Lightbulb

Internet-of-things (IoT) apps are so commonplace today that they can contain a wealth of information of their users. From smart light bulbs to refrigerators and washing machines, there’s an app to help control everything in your home. To us forensic examiners, this can be a goldmine in proving the coming and goings of a suspect. Artifacts found in IoT apps can make a difference in finding out the their whereabouts. For instance, smart light bulbs can be put onto a schedule, say on from 5:00PM to 11:00PM. This means you can expect that the bulbs would be on the “on” status, but if they are manually set to “off” that may be significant. Additionally, things like a smart door lock can be used as corroborating evidence, if it holds a log of when it is in the locked position. To explore this, we will look a popular IoT mobile app called Geeni, bundle ID com.merkuryinnovations.geeni.

WHAT IS THE GEENI APP?

Play Store

The Geeni app serves as an IoT control center for the user’s home. It allows them to control their smart light bulbs, video cameras, and surge protectors. It can change the colors of the light bulbs or set them on a specific schedule. You can also remotely view your video camera and record, screenshot, or set it to alert you when motion is detected. It has additional integrations for their built-in shop and promotional data. They also have a notifications section for things like if a scheduled task has failed, or if a device has logged into your active account.

On the Play Store, Geeni has over 5 million downloads, making it a prolific IoT application. Examiners can expect to see this in the wild on various mobile devices such as tablets and smartphones. Google reports that this application encrypts the data sent between the user and developer in transit, but that location and other personal information is still collected by the app itself. The app receives semi-regular security updates, with the last update being on October 9th, 2024. The most recent version is 4.0.1 as reported on their Play Store page which can be found here.

TEST ACQUSITION IN CELLEBRITE

Tool Version
Cellebrite UFED 7.65.0.247 [Educational]
Cellebrite Physical Analyzer 7.62.2.9

We are using Cellebrite and its suite mobile forensic tools to acquire a full file system image. From this, we can see what kind of information is stored in Geeni. The device used is the Lenovo M8, a tablet marketed for kids but with some decent specifications for $80 USD. This is their 4th generation in the M8 series of tablets and runs on Android 13. The model number is TB300FU. Additionally, it is worth noting that this tablet is capable of being rooted but was not rooted at any point during the acquisition.

Extract

Using Cellebrite Universal Forensics Extraction Device (UFED) we were able to make a full file system image of the tablet. For those following along at home, you will need to turn on developer tools by tapping the Android build number 7 times, then enable USB debugging. Pictured above is the extraction summary from Cellebrite Physical Analyzer, which provides an overview of the device post-extraction.

WHAT WAS FOUND?

dir

The Geeni App has several folders that contain a number of databases, javascript files, and .json files. The other miscellaneous files are images and additional cached files from their built-in webstore. There are some databases that are encrypted, but there are some unencrypted ones that provide a good amount of user information.

account

There appears to also be config files for integration with Tuya Client, an all-in-one IoT platform. Further analysis shows that an XML file contains the email and password for the user account associated with Geeni. It is worth noting that during my analysis, the password string appeared as an authorization token.

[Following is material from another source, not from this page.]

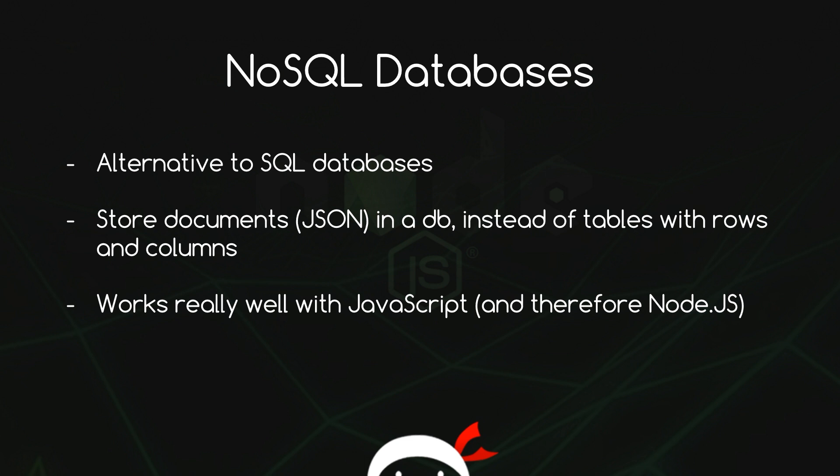What is a NoSQL database? It's just an alternative to an SQL database. Instead of this notion of tables with rows and columns in SQL databases, we're going to adopt this idea of storing documents or JSON objects, which is really cool because JSON works really well with JavaScript and therefore also Node.js.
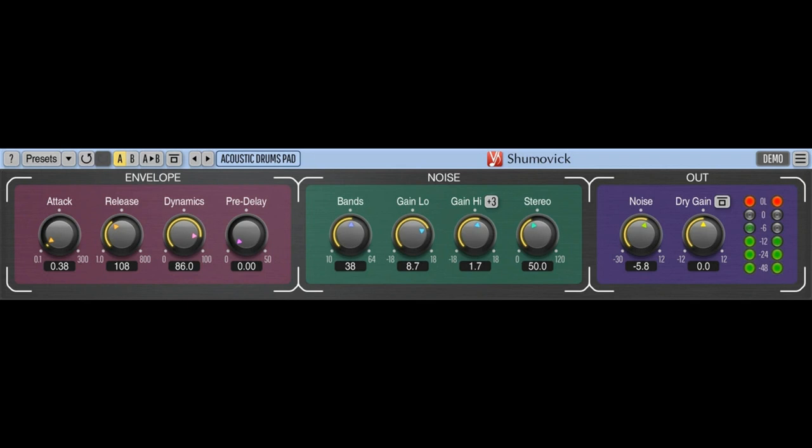Shumovic is a relatively CPU-demanding effect plugin, so it requires a higher-end computer processor for comfortable use. However, the CPU requirements can be lowered by adjusting the plugin's processing band count.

/data/data/com.merkuryinnovations.geeni/shared_prefs/KlaviyoSDKPreferences.xml

Database

Beyond this, there was not many other personal information that would help identify the user. A lot of the .json and .js files were specific to the storefront, and that seemed to be the majority of the application. Otherwise, the actual functional parts like turning the lights on/off, or Wi-Fi SSID information was either well obfuscated or not available through local files. There were some files that appeared to be logs but could only be viewed with a MMAP system call. These were ultimately files that appeared to generate logs, not the logs themself. The cache folders also did not have anything forensically significant. However, there was a database folder that contained cookies from the webframe utilized by the store. This store would track the user and their cart, syncing a UNIX timestamp for when the app was last opened. While not a “smoking gun”, this could serve as an important piece of evidence showing when the app was last used to control IoT devices.

Database-Metadata Database-Metadata

There are two files, scene-db and thingsmart_stat_encrypted.db which appear to have data, but are both encrypted. These are files sent between Merkury Innovations and the Geeni app for things like scene data, the color of the users smart lightbulbs. While the file doesn’t provide much information on their own, some of the metadata provides a modified time, which can help identify when the Geeni app was installed. Several of the databases have SQLite queries, but nothing significant in the file itself.

CONCLUSION AND FURTHER THOUGHTS

Overall, the Merkury Innovations Geeni app provided a good amount of forensic evidence that could help support other findings during a mobile device examination. It does not hold significant enough on its own to yield a critical piece of evidence to a case. This could be taken a step further using a test image that contains information with the Merkury video cameras, or viewing data from the integration into Tuya. This may provide additional artifacts that may be of forensic value.